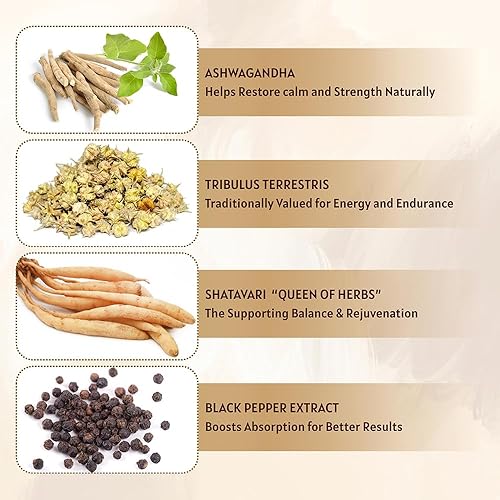 Miniatura 6 de Ashwagandha Cápsulas orgánicas de 1000 mg (90 cápsulas) hechas con ingredientes orgánicos Tribulus Terrestris, Shatavari y pimienta negra |
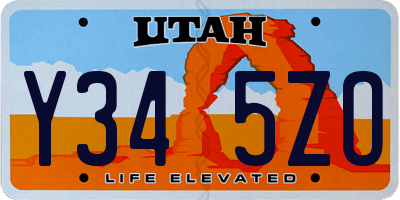 UT license plate Y345ZO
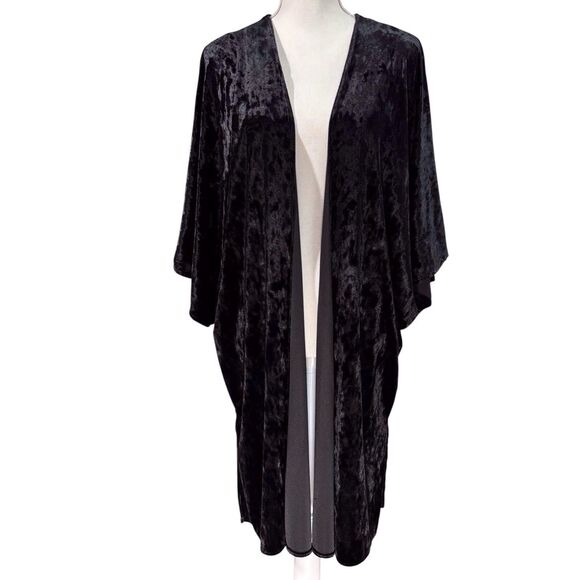 Black Crushed Velvet Long Cardigan Duster Womens XL 1X Dark Whimsigoth Gothic - Picture 1 of 7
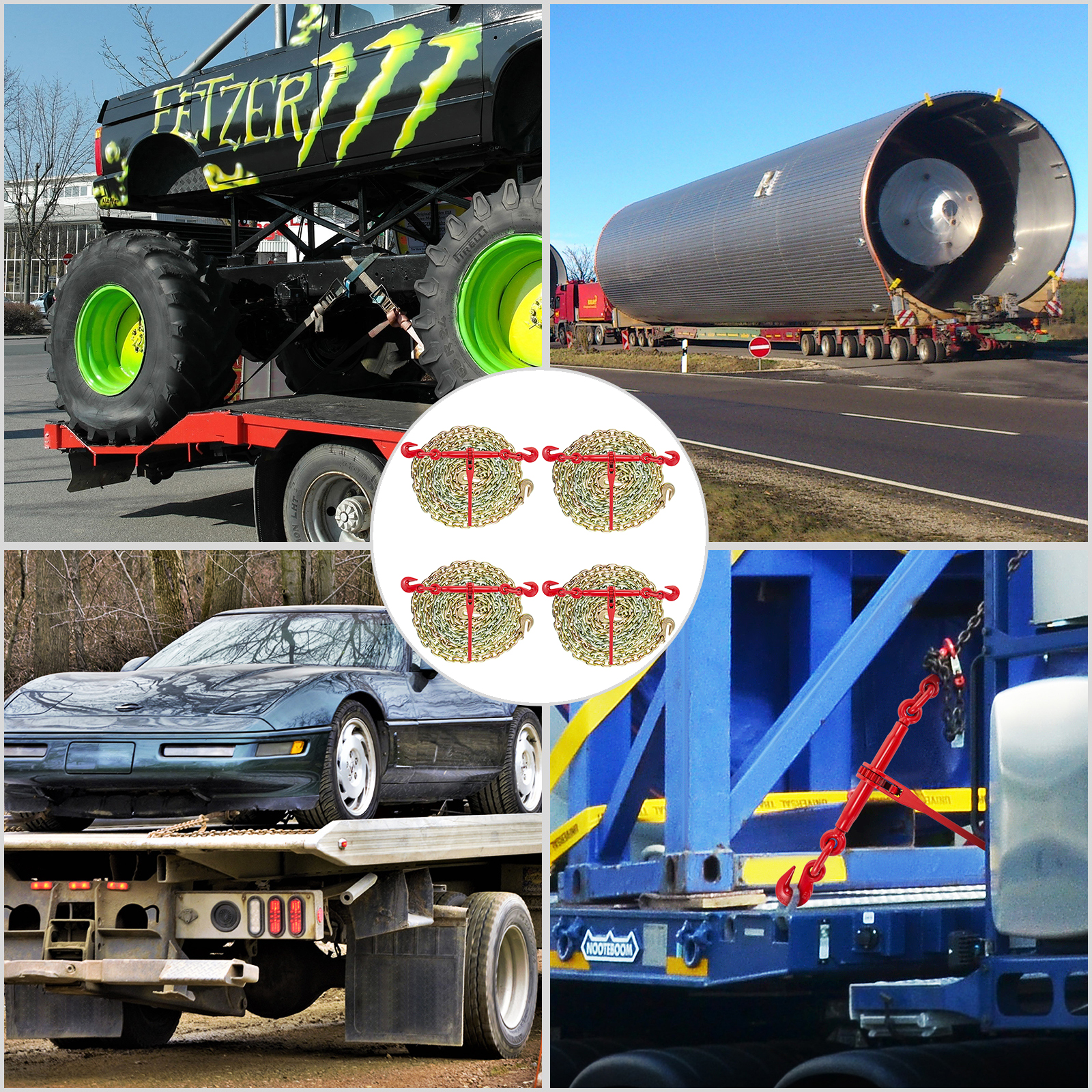 VEVOR chain and binder kit securing various heavy-duty vehicles and equipment.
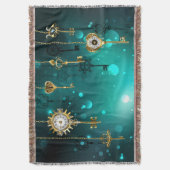 Antieke skelettoetsen op groene achtergrond deken (Voorkant Verticaal)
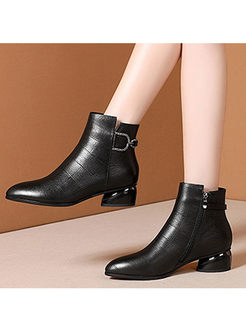 Black Pointed Head Plush Short Boots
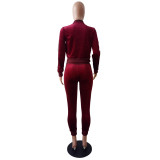 Women's Spring And Winter Casual Style Velvet Sports Tracksuit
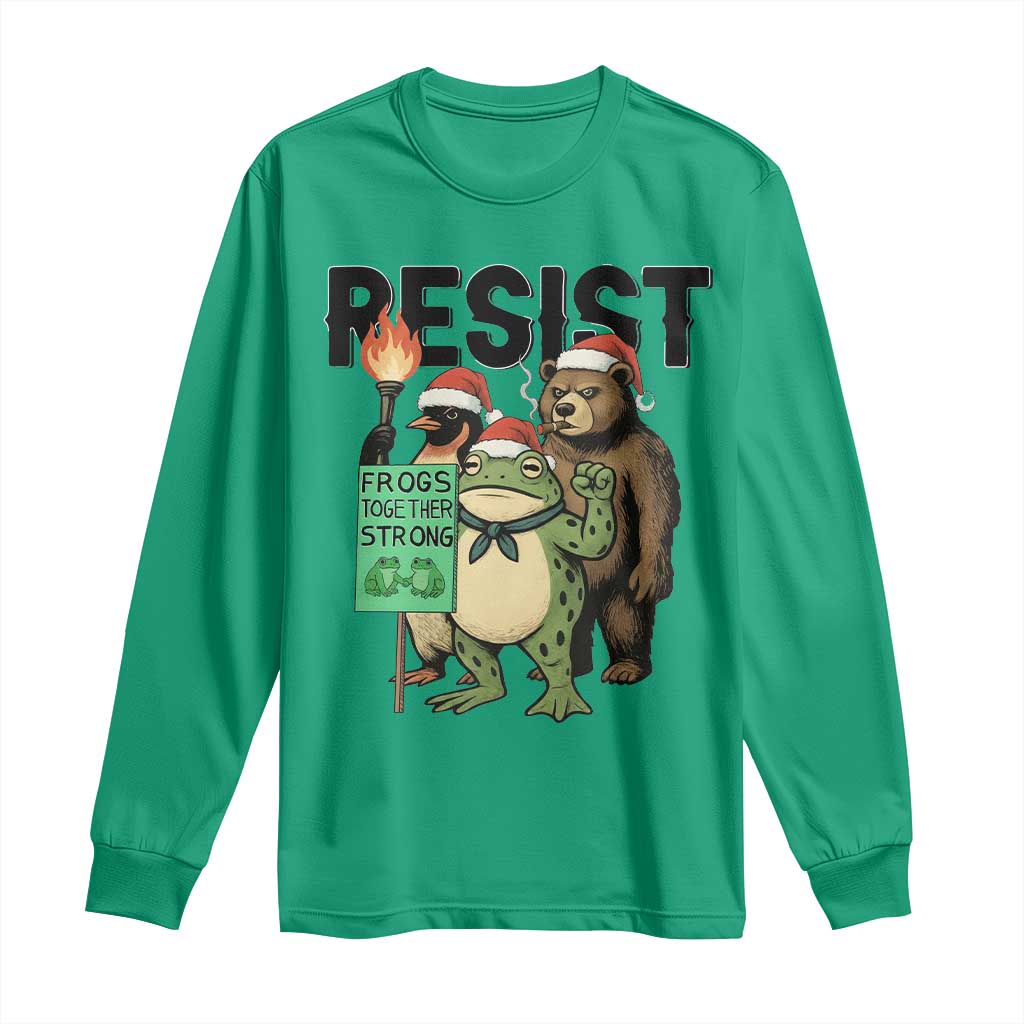 Funny Christmas Frogs Together Strong Long Sleeve Shirt Portland Resist Meme Gift TS12 Irish Green Print Your Wear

Problem requirements: Where a picture appears, omit it; otherwise reproduce each line above from the first to the one with "Women's Spring And", inclusive.

Exercise answer:
 Miniatura 6 de Ashwagandha Cápsulas orgánicas de 1000 mg (90 cápsulas) hechas con ingredientes orgánicos Tribulus Terrestris, Shatavari y pimienta negra |
 UT license plate Y345ZO
 Black Crushed Velvet Long Cardigan Duster Womens XL 1X Dark Whimsigoth Gothic - Picture 1 of 7
 VEVOR chain and binder kit securing various heavy-duty vehicles and equipment.
 Antieke skelettoetsen op groene achtergrond deken (Voorkant Verticaal)
 Black Pointed Head Plush Short Boots
 Women's Spring And Winter Casual Style Velvet Sports Tracksuit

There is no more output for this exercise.